The Cubs and the Giants are each valued in the billions, and each of those families has the necessary sports experience and local relationships to get things done — like building a stadium, for example — in a way that even the average millionaire might not.

Over the past four years, all but one team — the North Carolina Courage — has turned over majority ownership or joined the league as a new team. In just about every case, they have been splashy, high-profile additions.

“From when we joined the league and even the conversations before, to now, the mindset around desire to invest, desire to see growth, how to achieve excellence, it’s wildly different,” said Kansas City Current co-owner Chris Long, who sits on the NWSL’s expansion committee and co-founded the Current in late 2020 with his wife, Angie, and Brittany Mahomes.

“There has been a sea change, and it’s exciting,” he added. “There’s a lot of well-intentioned, well-capitalized people that have gotten involved of late over our four seasons, and then secondarily, a lot more people at the door.”

Those people “at the door” are a dozen prospective ownership groups vying for the rights to the league’s 16th franchise.

The Longs — who founded Palmer Square Capital, a company that says it manages over $29 billion in investments — built the NWSL’s first purpose-built stadium for the Kansas City Current, a roughly $120 million investment that was mostly privately funded. Last week, the Current announced plans with Palmer Square Capital for $800 million in redevelopment of the downtown riverfront area around the team’s new stadium.

This NWSL season brought the arrival of expansion side Bay FC, backed by private equity firm Sixth Street, which says it manages over $75 billion in assets, and CEO Alan Waxman. San Diego Wave FC, which joined the NWSL for around $2 million ahead of its 2022 expansion season, is in the middle of a sale process to the Levine Leichtman family (also billionaires) that values the club between $113 million and $120 million.



NWSL commissioner plans to expand to 16 teams by 2026

NWSL commissioner Jessica Berman speaks to Seb Salazar about extending the league’s number of participating teams to 16 by 2026.

As recently as a few years ago, all of this — the wealthy investors, purpose-built stadiums, massive demand for expansion spots — was a ludicrous pipe dream for the NWSL. Kansas City lost its first NWSL team in late 2017 amid mismanagement and cash shortages. A few months later, the Boston Breakers folded, and the league contracted to nine teams. Gotham, formerly Sky Blue FC, drew global headlines in 2018 for having players take ice baths in trash cans, among other transgressions.

Commissioner Jessica Berman made it a point in her season-opening news conference to praise the owners that got the NWSL to where it is now. Many of them did the necessary work to build the foundation for the league while losing millions of dollars. Their efforts were not fruitless: they’ve created the type of thriving league they dreamed about over a decade ago, even if most are no longer directly involved.

More money doesn’t mean the NWSL won’t have new problems going forward, but the progress the league is making via its billionaire owners is beneficial on two levels. First, new owners investing in individual teams will better position them in their local markets, but then collectively it creates a more ambitious league board room that is ultimately deciding everything the NWSL does.

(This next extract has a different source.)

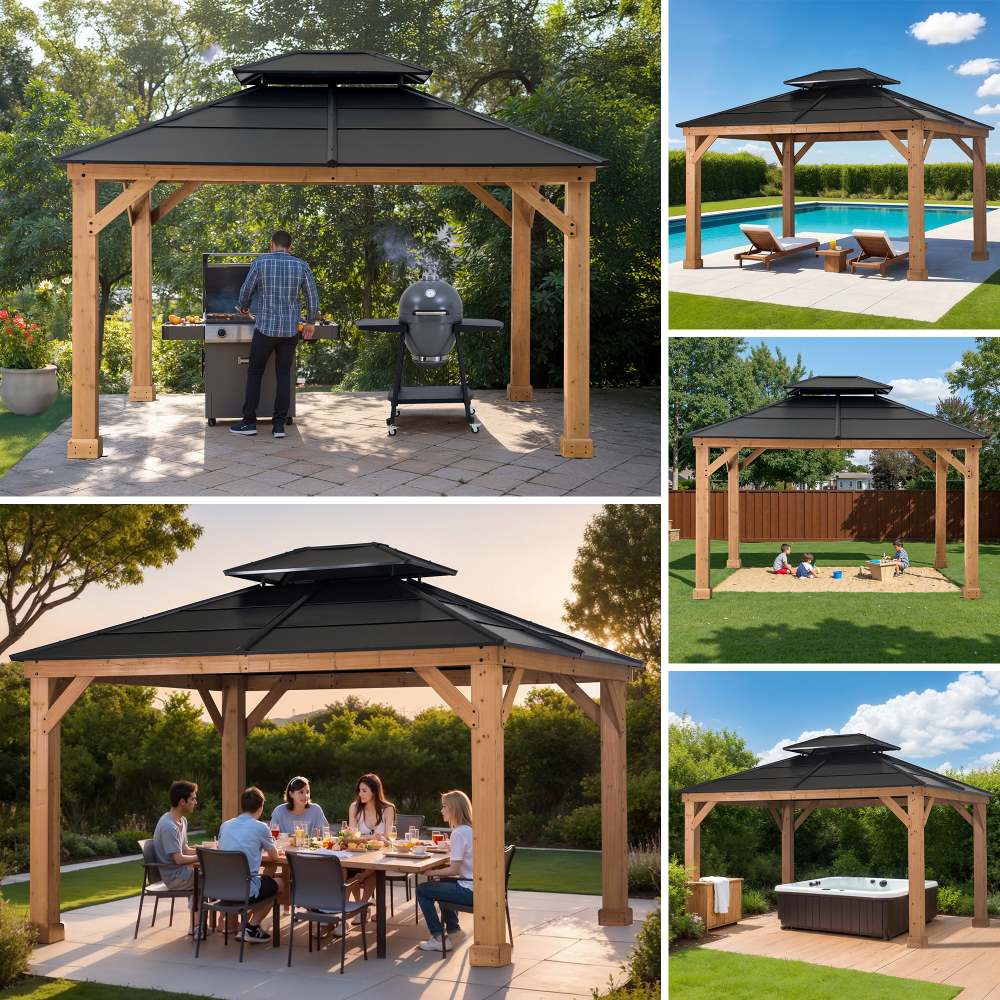 SUNJOY 11x13 Cedar Hardtop Gazebo with Heavy-Duty Steel Roof & Ceiling Hook - Natural Cedar
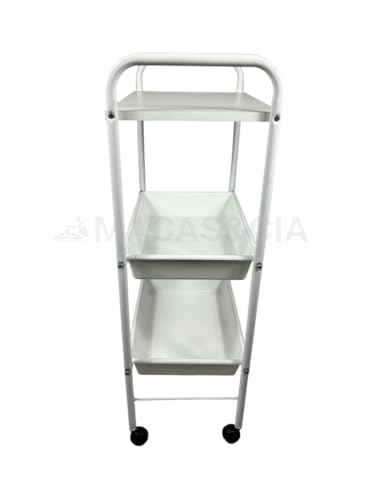 CARRINHO AUXILIAR 1 TAMPO MDF E 2 BANDEJAS PLÁSTICAS BRANCO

“It’s about understanding where the league fits in as well,” said Orlando Pride owner and chairman Mark Wilf, whose family purchased the Pride and MLS’ Orlando City in July 2021. “And growing a league sometimes means knowing how to balance your club and the league together to make the whole is greater than any individual part. I think that’s the kind of culture that you’re seeing at the NWSL. We have some very strong clubs — all clubs are growing but we ultimately grow to the maximum amount when the league is thriving.”

The NWSL: The smart new investment for billionaires?

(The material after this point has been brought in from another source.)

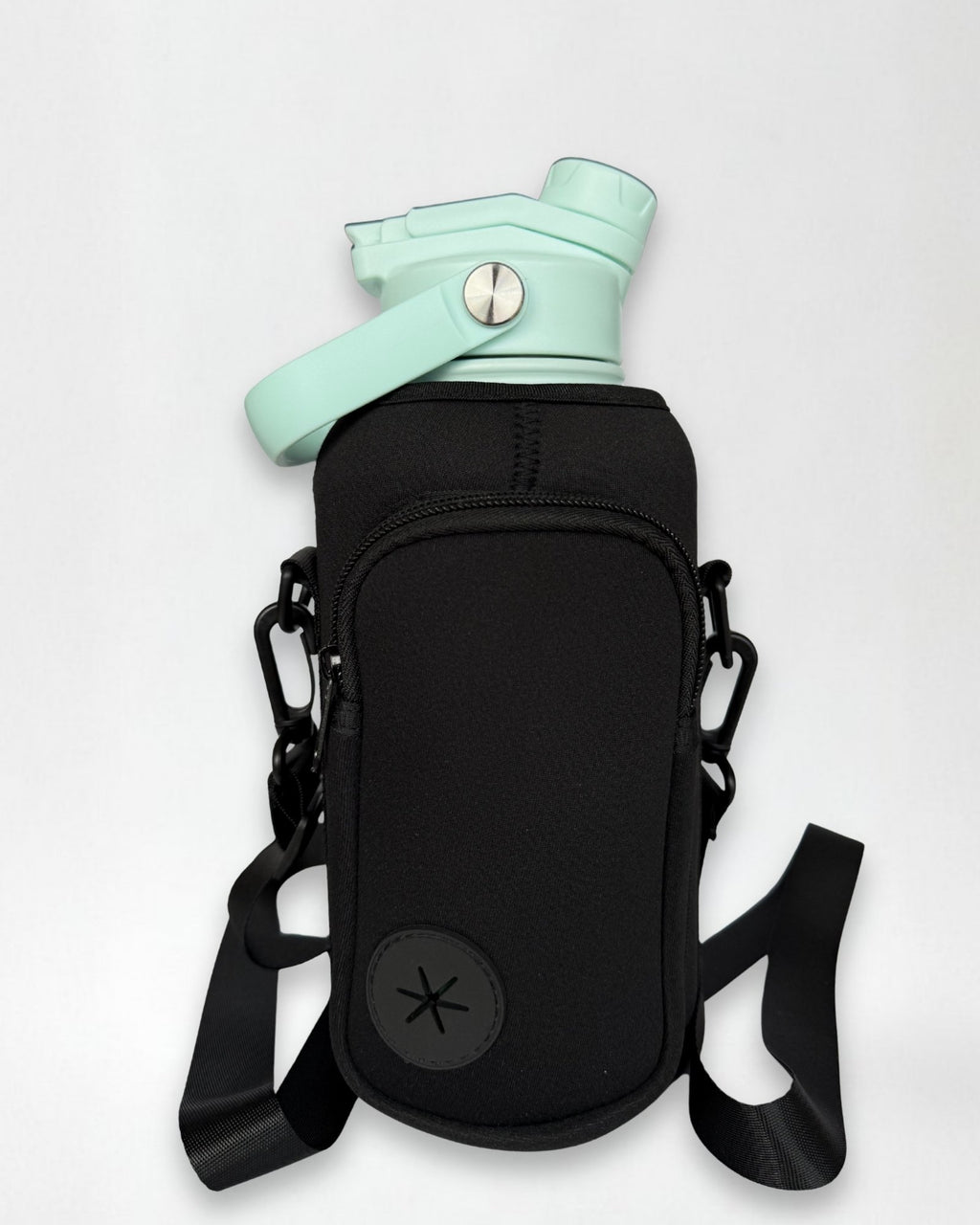 Black neoprene bottle bag with a aqua blue bottle on white background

The Wilf family brings its own big league experience to the NWSL as owners of the NFL’s Minnesota Vikings for nearly 20 years. They’ve invested money in technological upgrades that have improved the Orlando Pride game-day experience, which in turn contributed to the Pride’s paid attendance rising 64% year over year. Berman praised Wilf for a hands-on approach to the NWSL despite his many obligations. (Wilf spoke to ESPN in between his Vikings duties at the NFL draft last week.)

Wilf said that his direct involvement with the Pride is a testament to the growth state of the league, something he has experienced before in sports and other business. It is a common thread to the NWSL’s new wave of investors: They have emerged not solely out of their love for the game but because the NWSL now looks like a smart, early-stage investment that could yield long-term profits.

“I think the primary thread through all of them is that they’re investing in the league at a time when the expectations for the future are somewhat clear,” Berman told ESPN in a wide-ranging interview on campus.

“In the last year, we have been very transparent externally and internally that we are raising the bar and creating a standard of excellence in terms of the training and playing environment for players, in terms of what we expect from a business perspective. And so, what that should do — and I think it has done — is self-select people who have a shared vision of what that future could be and are prepared to make the investments and see this as a long-term enterprise value investment.”

Tension will always exist in a league board room filled with ideas and egos, but what had become a division of haves and have-nots in the league with existential issues only a few years ago has evolved into a group with first-world problems, such as what conditions should allow teams to opt to charter a flight to a game. None of that happens without an influx of money and ideas in every market.

Blodgett offers some simple yet illustrative examples, like with the hot-button issue of travel. With wealthier owners comes the cashflow to be able to book flights for almost the entire season up front once schedule drops at the beginning of the year, eliminating stress and the potential volatility of flight prices.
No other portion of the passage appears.